Before it votes on this major extension of U.S. security guarantees to new nations, Congress should know that an accurate estimate of the cost has been made using defensible assumptions and methodology.


They also asserted that the forces of existing allies were better suited to defend new members than earlier thought. At the same time, NATO commanders suddenly claimed that the security threat to new members had declined during the brief period (less than one year) since the administration’s cost estimate was completed.

These miraculous revelations conveniently appeared just as embarrassed U.S. officials began to abandon their original estimate for even lower cost projections. To justify lower costs, they endorsed NATO figures predicting excessively low expansion‐​induced increases in alliance budgets — a mere $1.5 billion over 10 years — although they had rejected those figures earlier precisely because they were too low.

NATO’s bureaucracy states that the details behind that estimate are classified and will remain so indefinitely. This convenient suppression of information prevents outside experts from evaluating the estimate. What are the administration and NATO hiding?

In any cost estimate, the devil is in the detailed assumptions and methodology used. Only the Congressional Budget Office’s (CBO’s) cost estimate contained detailed assumptions and methodology. Even when that estimate is adjusted so as to be comparable with the administration’s — that is, using questionable assumptions of the Department of Defense — the projected costs are at least twice as high ($70 billion) as the administration’s first estimate. Using alternative assumptions, the CBO estimated that costs could rise to as much as $125 billion.

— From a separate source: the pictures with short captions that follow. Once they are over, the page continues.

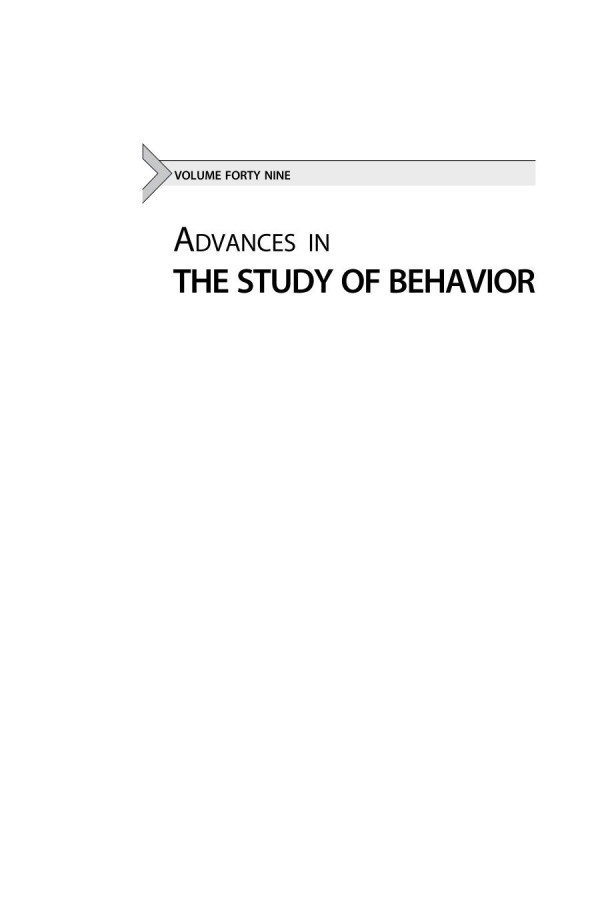 Advances In The Study Of Behavior Volume 49 1st Edition Marc Naguib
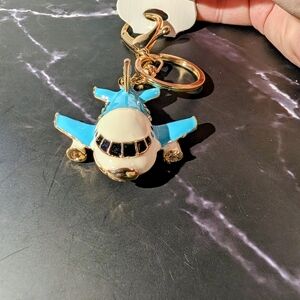 Blue White & Hold Tropical Airplane Keychain/ Bag Charm - Vacation Ready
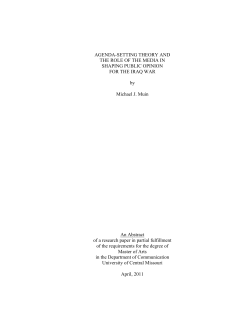 Agenda Setting Theory and the Role of the Media i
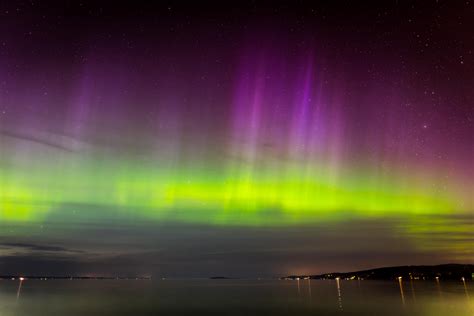 wallpaper northern lights, aurora, horizon, night, starry sky HD : Widescreen : High Definition ...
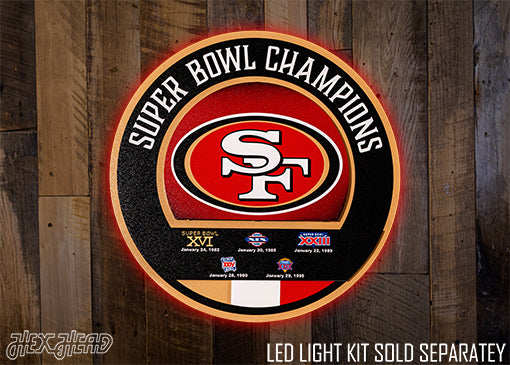 San Francisco 49ers DYNASTY Super Bowl Past Wins w/ Replaceable Icon Plate  3D Vintage Metal Wall Art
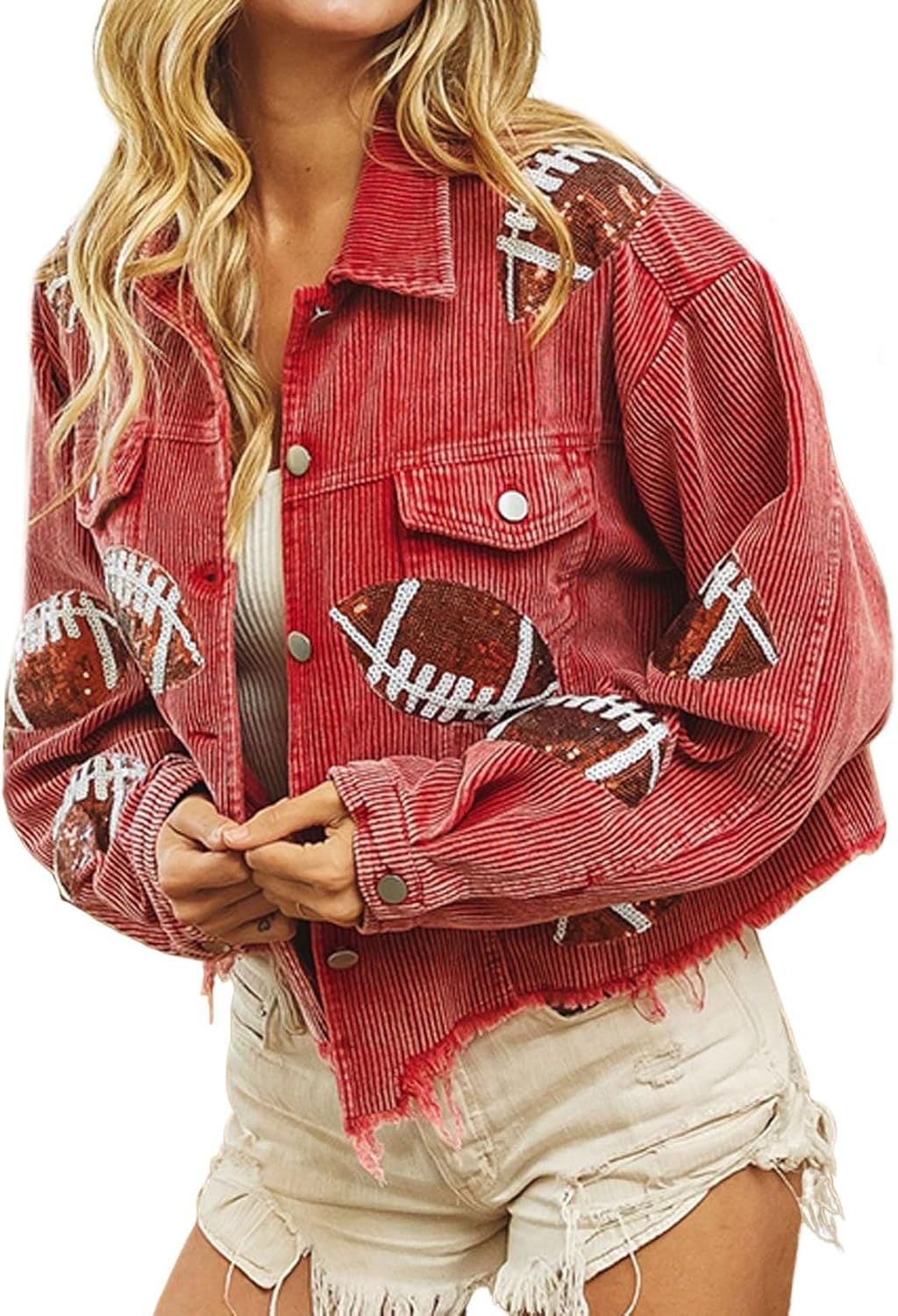 yoeasy Women's Corduroy Rugby Sequin Crop Jacket Raw Hem Vintage Football Distressed Short Jacket Coat With Pockets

The administration’s grossly inaccurate estimate of the costs for the operation in Bosnia should alert Congress and the public that the real costs of NATO expansion are likely to be much higher than the administration’s estimates. The administration initially estimated that the Bosnian operation would cost the United States about $2 billion. That total is now $8 billion and the meter is still running.

At the very least, the debate over costs should not be conducted in secrecy. Parliamentarians in other NATO countries have protested the security classification of NATO’s cost estimate. The U.S. Congress — the most powerful legislative body in the world, with constitutional prerogatives of advice and consent on treaties and the power of the purse — should do the same.

Before it votes on this major extension of U.S. security guarantees to new nations, Congress should know that an accurate estimate of the cost has been made using defensible assumptions and methodology. Given the administration’s history of inaccurate cost projections in other areas, the convenient suppression of details in the administration’s and NATO’s low cost estimates are serious warning signs indeed.